= PROVIDED ENTRIES =
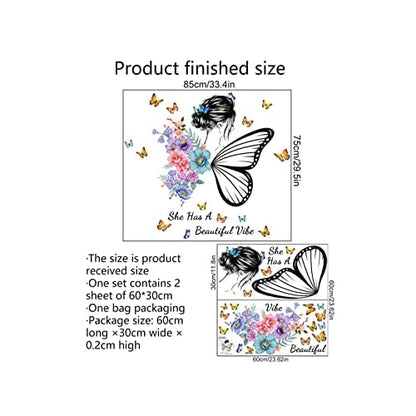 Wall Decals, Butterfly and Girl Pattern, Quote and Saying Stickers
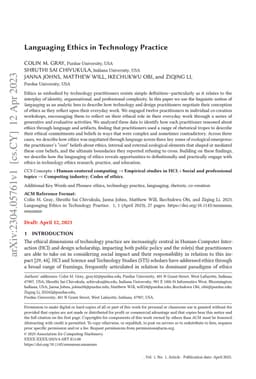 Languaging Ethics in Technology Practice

...

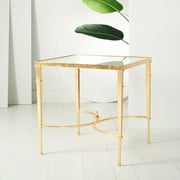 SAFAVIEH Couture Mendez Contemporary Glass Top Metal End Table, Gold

= WHAT THIS TASK INVOLVES =
Within the entries above, give again exactly the lines starting at the one that contains "Wall Decals, Butterfly" and ending at the one that contains "Languaging Ethics in Technology Practice", leaving out the pictures.

= OUTPUT FOR THIS TASK =
 Wall Decals, Butterfly and Girl Pattern, Quote and Saying Stickers
 Languaging Ethics in Technology Practice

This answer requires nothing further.